The Communist Chinese government — and yes, they’re still Communists after all these years — canceled Christmas this year.
It took less than 24 hours for all the Christmas trees, lights and bells to disappear from a 27-story shopping and office complex in the Chinese city of Nanyang.
Even the giant teddy bear at the mall entrance wasn’t spared, said Ma Jun, who works at a tutoring company in the building.
“Everything is gone and cleaned,” she said.
Christmas continues to be a shopping festival across most of China, with huge trees adorning shopping malls in Shanghai and Beijing, but a growing emphasis on traditional culture by the ruling Communist Party and the systematic suppression of religion under President Xi Jinping are imperiling Santa Claus’s position.
At least four Chinese cities and one county have ordered restrictions on Christmas celebrations this year, according to official notices and interviews. Students, teachers and parents from 10 schools around China told The Associated Press that Christmas celebrations have been curtailed.
“The ongoing local reaction against Christmas is part of the wider sentiment since Xi took power,” said Zi Yang, a China expert at the S. Rajaratnam School of International Studies in Singapore.
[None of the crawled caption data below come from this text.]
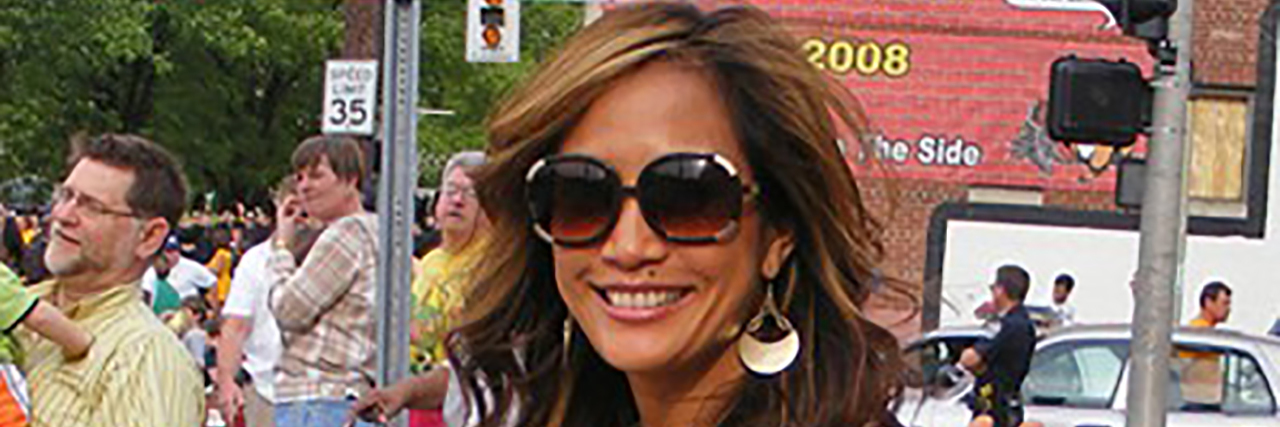 A photo of Carrie Ann Inaba posing while at the Kentucky Derby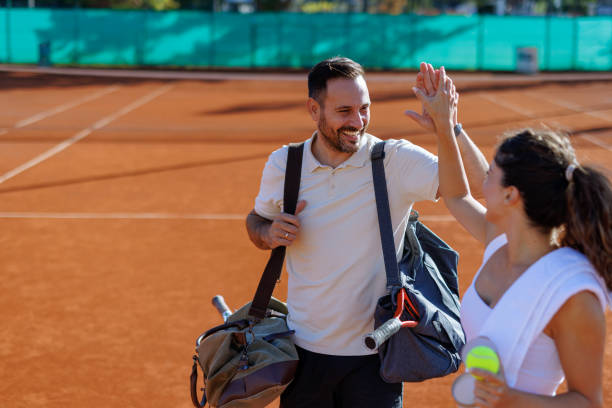 istock Pair high-fiving after a successful tennis match. 2183161945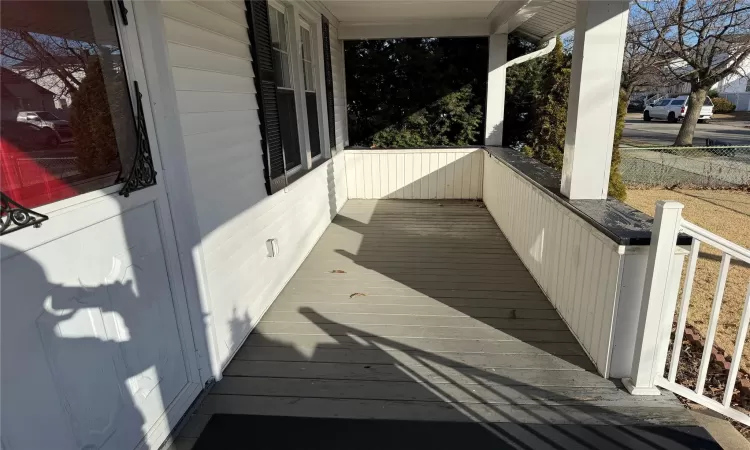 Wooden deck featuring covered porch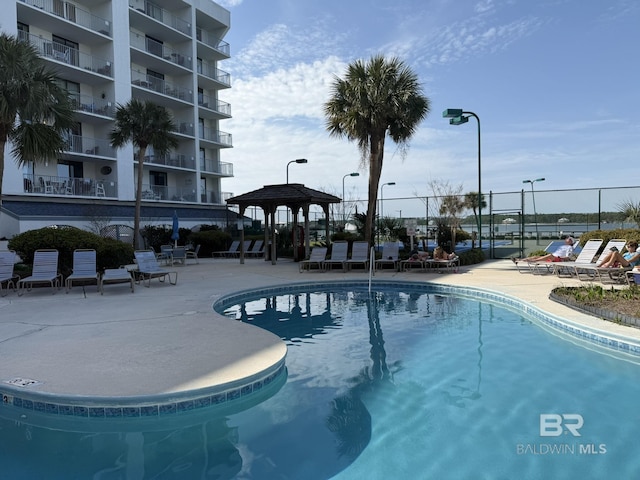 pool with a patio area and fence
You would think the secular nature of Christmas would appeal to the commie atheists in the Chinese government. Not so. A growing cultural nationalism in China seeks to remove foreign influences:
“You have a culturally conservative ethos in the country that has definitely been encouraged by the central party-state,” said Guo Yingjie, a professor of Chinese studies at the University of Sydney. “It’s not hard for university presidents or officials to say, ‘OK celebrating Christmas can easily be seen as de-Sinification or promoting Western culture.’”
Students have taken to social media to complain about restrictions on Christmas celebrations at their schools.
At a top Shanghai university, a student union had its Christmas plans cancelled for the first time, an organizer told the AP on condition of anonymity, fearing rebuke.
The students came up with a solution: By replacing “Christmas” with “New Year’s” in their activity proposal and changing the date from Dec. 25, it sailed past school administrators.
No doubt there are many diversity freaks in the U.S. who are applauding the Chinese government’s restrictions on Christmas. What makes us think that our cultural icons are any better than a Chinese cultural icon? This should teach us all a lesson in humility…or something.
I’m sure Santa is secretly pleased. That’s a billion fewer kids he has to stop and deliver presents to. He’s getting kind of old and he can sure use a break now and then.